My rig with a BIOSTAR TB250-BTC board was constantly logging PCIe Bus Error messages under /var/log/kern.log and /var/log/sys.log. About twenty GBs worth or log files!

Beyond the logging errors, I couldn’t have more than four GPUs attached until I performed the below fix. FYI, I am using five ZOTAC GeForce GTX 1060 AMP Edition (model: ZT-P10600B-10M) cards.

The solution: you need to enable “Miner Mode” in the BIOS Settings for the board.

  1. During boot hold the delete key until you enter the motherboard setup.
  2. Once in, navigate to: Chipset => Miner Mode => Set to [Enabled]

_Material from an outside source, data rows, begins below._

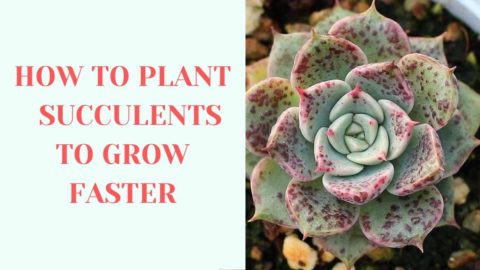 How-to Guides - Succulents Network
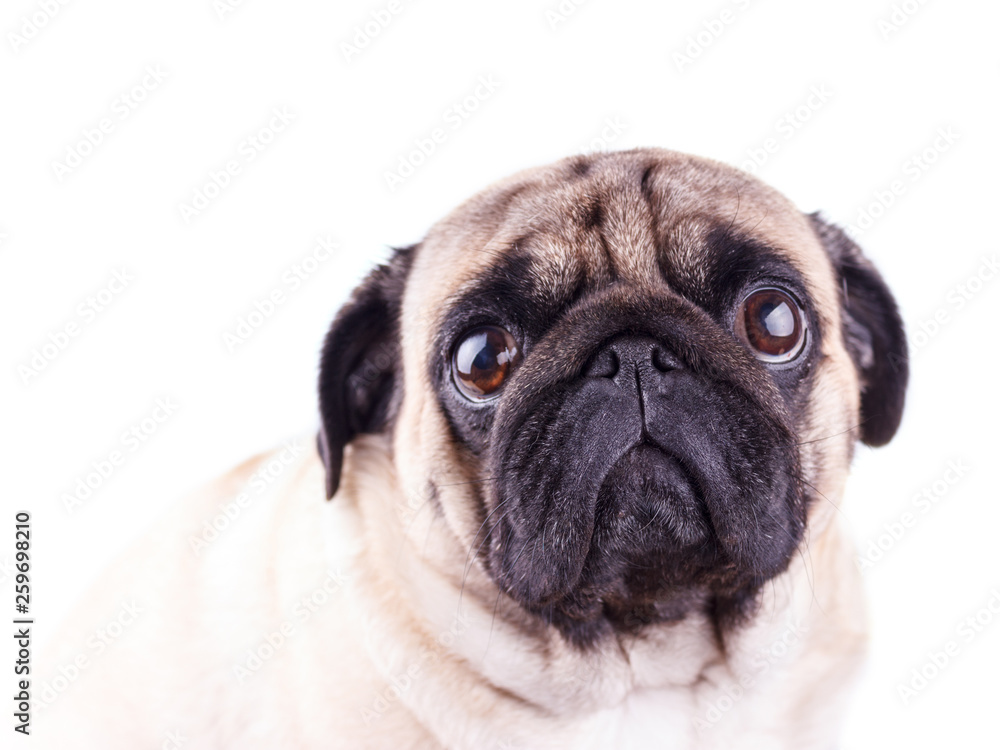 Portrait of a pug dog with big sad eyes. Isolated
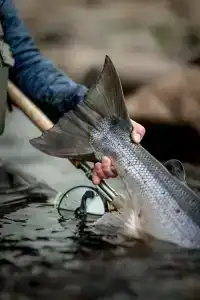 Олёнка лодж - 84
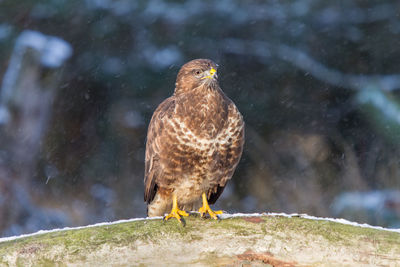 Buzzard during snowfall on a tree trunk in forest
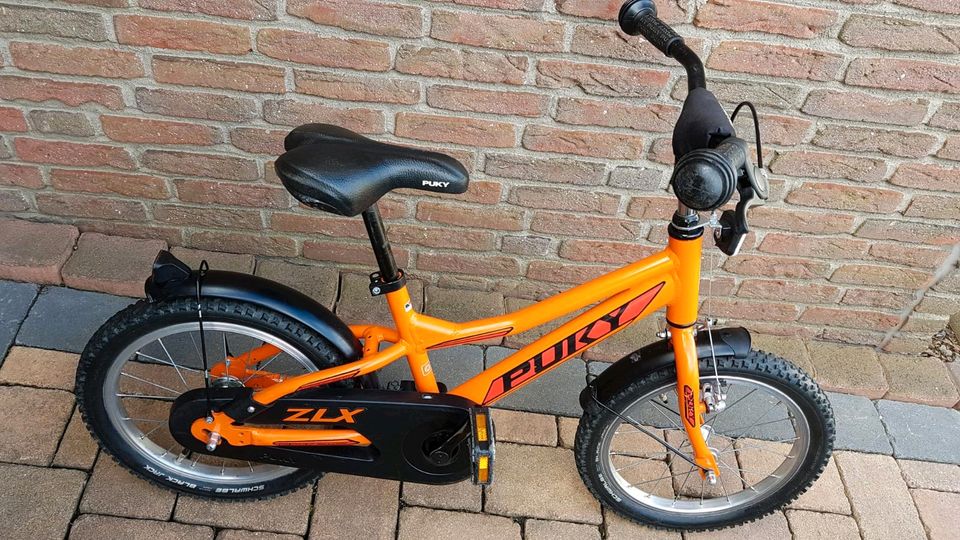 Puky Fahrrad ZLX 16 Zoll in Lahnstein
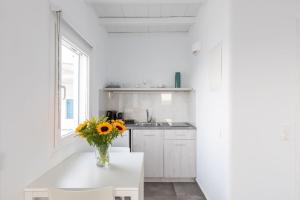 Kuchyň nebo kuchyňský kout v ubytování Sea Wind Apartments + 37 fotografií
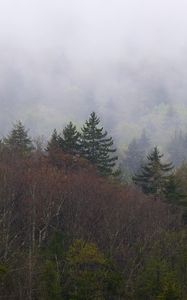 Preview wallpaper landscape, forest, fog, trees, nature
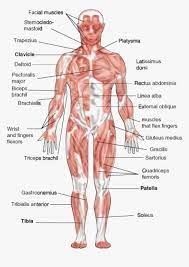With an option to place clickable spots anywhere on the figure and link each of them to any webpage. Muscular System Diagram Front Hd Png Download Kindpng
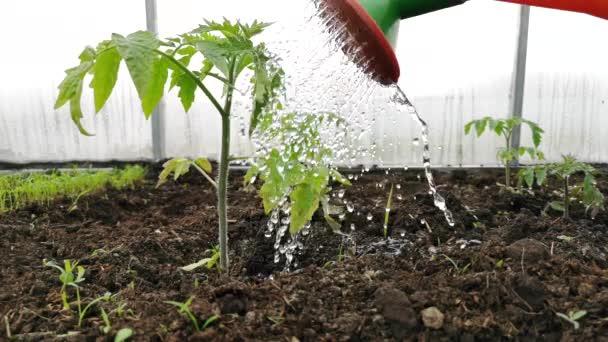 Mengairi benih tomat di rumah kaca — Stok Video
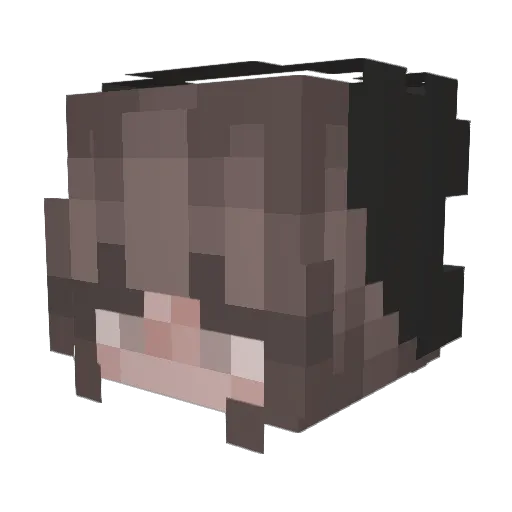 splashire Minecraft avatar head, 3D render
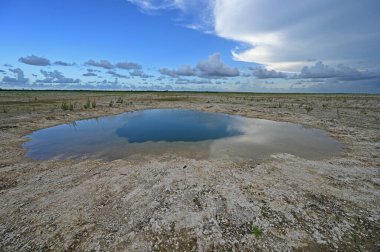 Everglades Ulusal Parkı 'ndaki habitat yenileme projesi üzerine yaz bulutları.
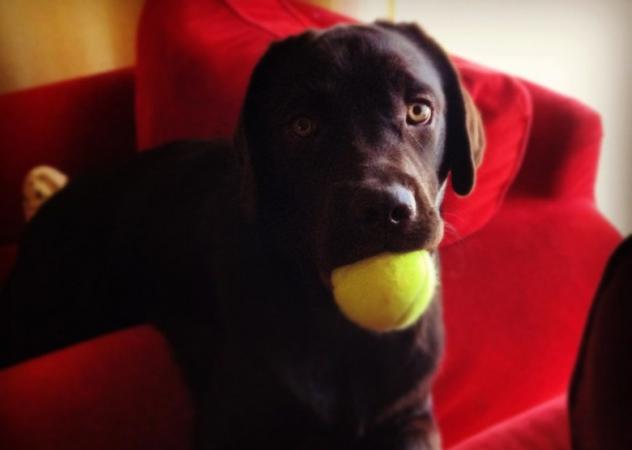 Contest #shareyourpet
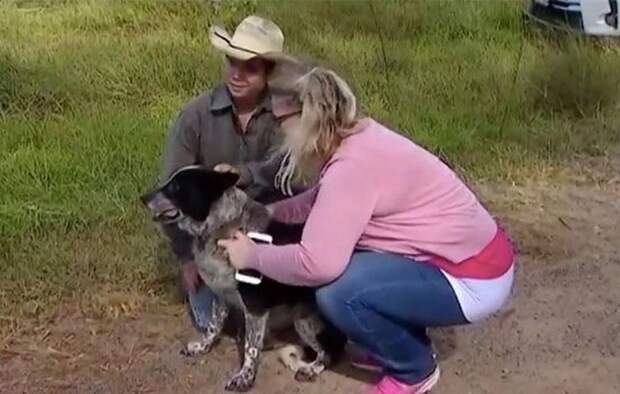 Трехлетняя девочка потерялась в лесу; полицейская операция не принесла результата. Спасителем малышки стал старый полуслепой пес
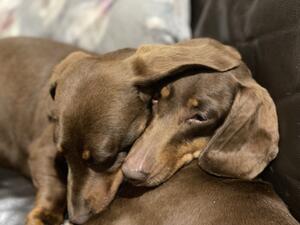 Daisy and Lottie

For reference, here’s the error that was filling my logs:

pcieport 0000:00:1c.7:   device [8086:a297] error status/mask=00000001/00002000
pcieport 0000:00:1c.7:    [ 0] Receiver Error         (First)
pcieport 0000:00:1c.7: AER: Corrected error received: id=00e7
pcieport 0000:00:1c.7: PCIe Bus Error: severity=Corrected, type=Physical Layer, id=00e7(Receiver ID)

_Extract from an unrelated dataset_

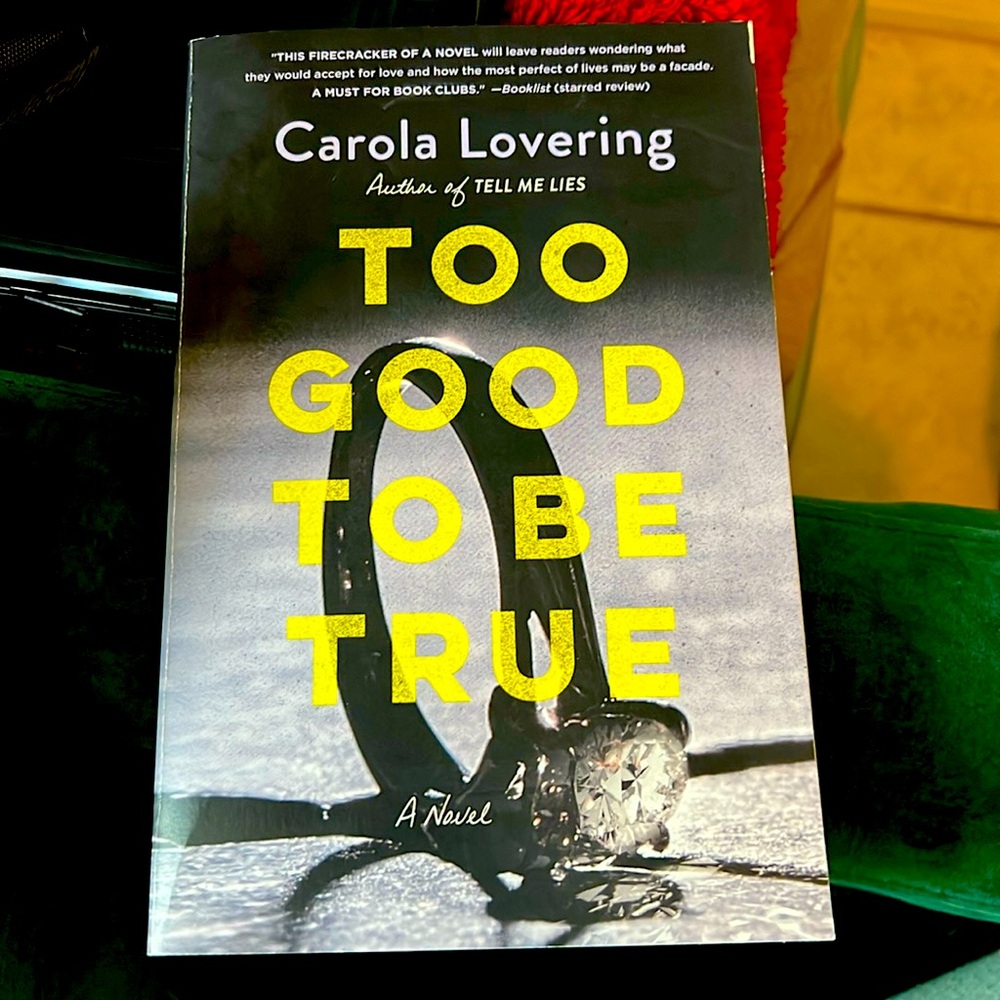 Too Good to be True novel by Carola Lovering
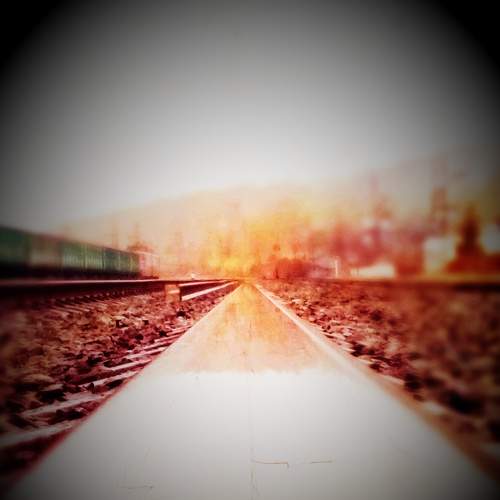 Photo #6809090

Doing research online led me down a couple of paths that are NOT needed, and revolved around adding pci flags to /etc/default/grub. Some red-herring suggestions were:

  • GRUB_CMDLINE_LINUX_DEFAULT=”quiet splash pci=nommconf”
  • GRUB_CMDLINE_LINUX_DEFAULT=”quiet splash pci=nomsi”

Lesson for the future: After building rigs it would be worth seeing if errors are being perpetually written to the /var/log/ directory. You may not realize it until you either run out of space or if the error finally manifests itself in a way that will cause you to investigate. In my case it was added a fifth GPU.